• _DIRECTIONS FOR THIS TASK_
Your answer must be the lines from the one holding "jojo的奇妙冒险帽子 金属徽章 承太郎cosplay帽子遮阳 动漫周边" through the final line of the entries below, copied exactly, with no pictures.

• _SOURCE MATERIAL_
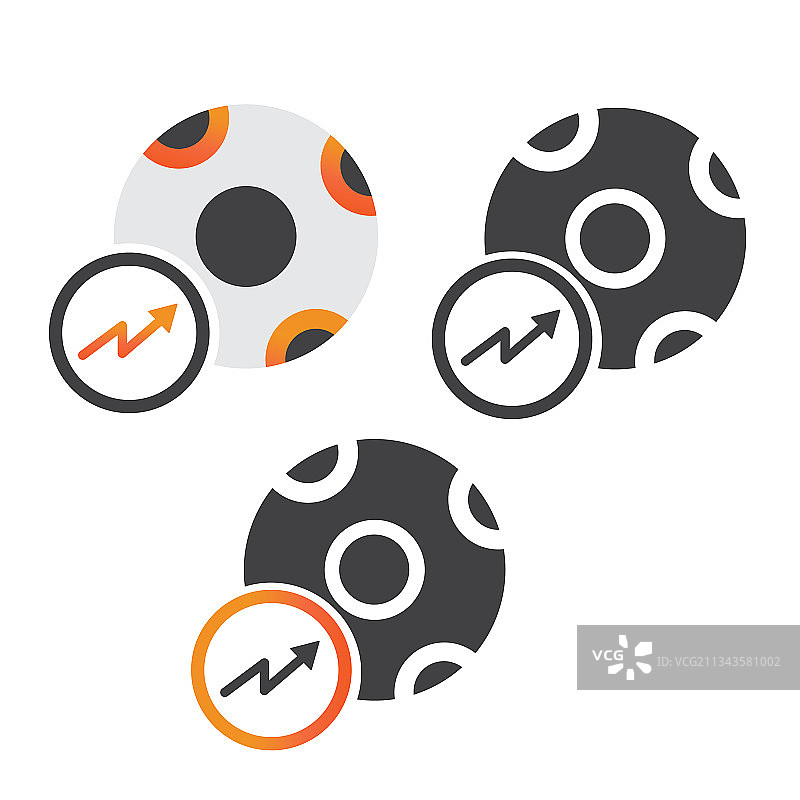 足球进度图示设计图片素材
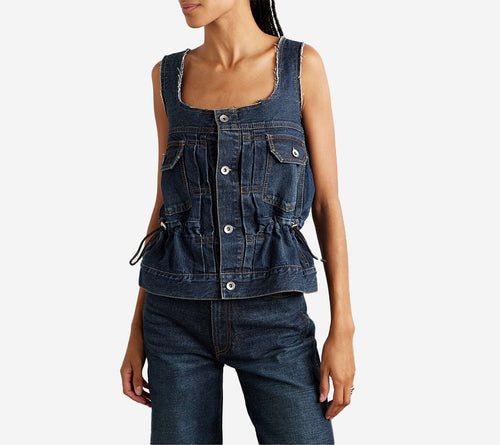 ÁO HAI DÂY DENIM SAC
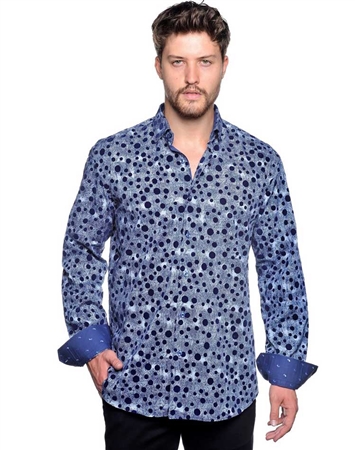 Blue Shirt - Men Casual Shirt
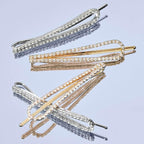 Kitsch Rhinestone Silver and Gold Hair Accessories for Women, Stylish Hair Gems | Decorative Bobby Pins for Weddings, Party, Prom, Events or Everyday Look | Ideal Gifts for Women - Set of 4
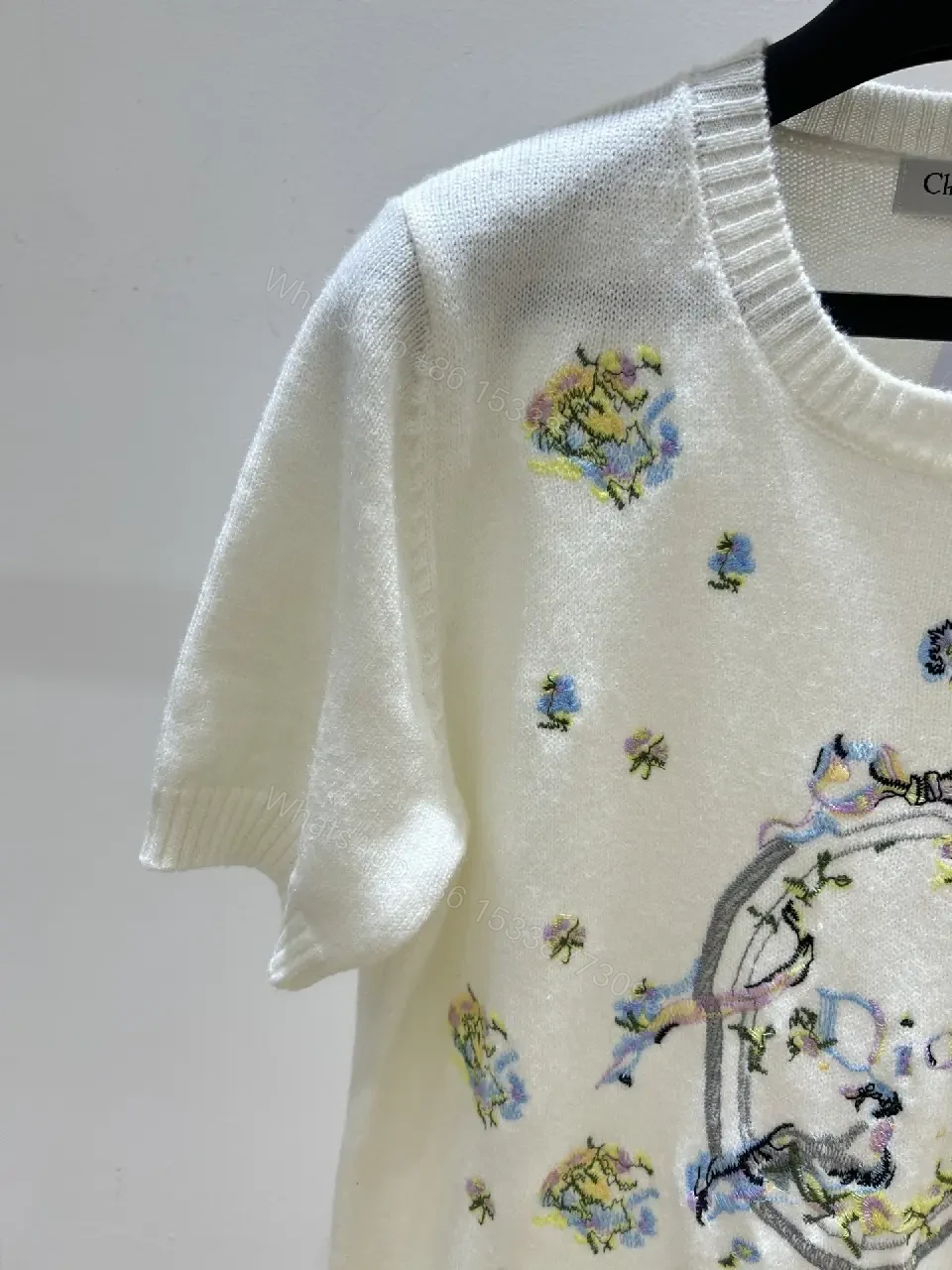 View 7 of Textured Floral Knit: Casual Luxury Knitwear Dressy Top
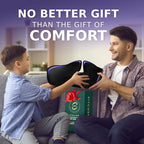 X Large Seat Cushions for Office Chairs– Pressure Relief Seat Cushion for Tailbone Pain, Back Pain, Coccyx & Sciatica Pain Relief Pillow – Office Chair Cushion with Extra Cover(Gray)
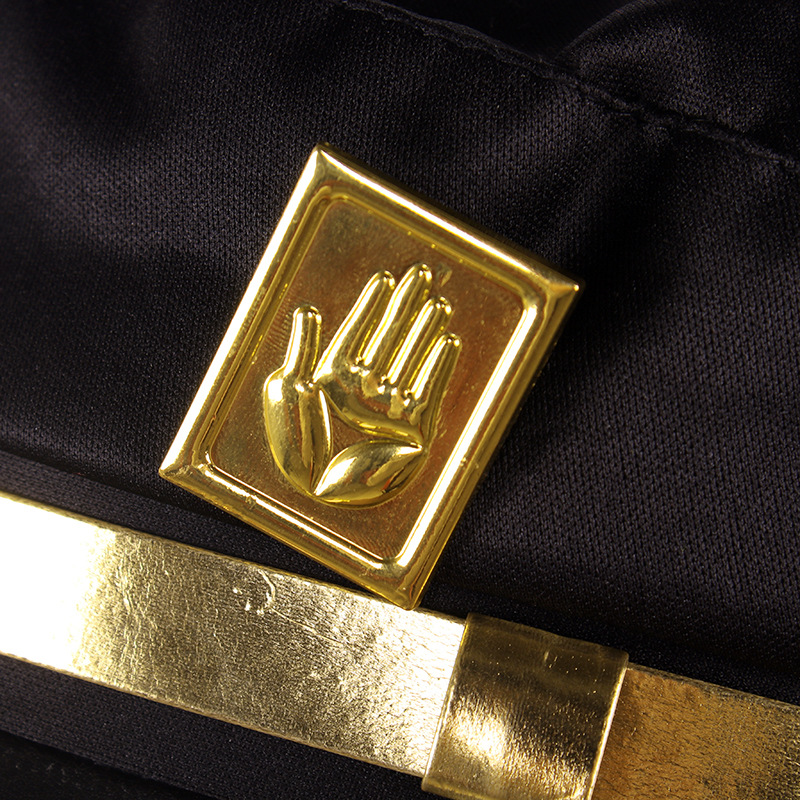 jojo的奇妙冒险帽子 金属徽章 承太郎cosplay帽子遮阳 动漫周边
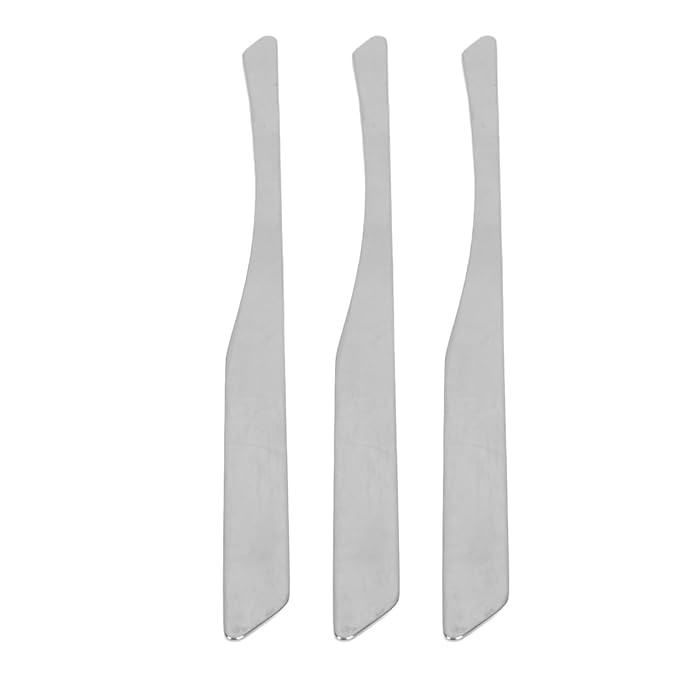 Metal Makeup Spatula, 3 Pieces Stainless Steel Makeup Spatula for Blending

• _EXERCISE RESULT_
 jojo的奇妙冒险帽子 金属徽章 承太郎cosplay帽子遮阳 动漫周边
 Metal Makeup Spatula, 3 Pieces Stainless Steel Makeup Spatula for Blending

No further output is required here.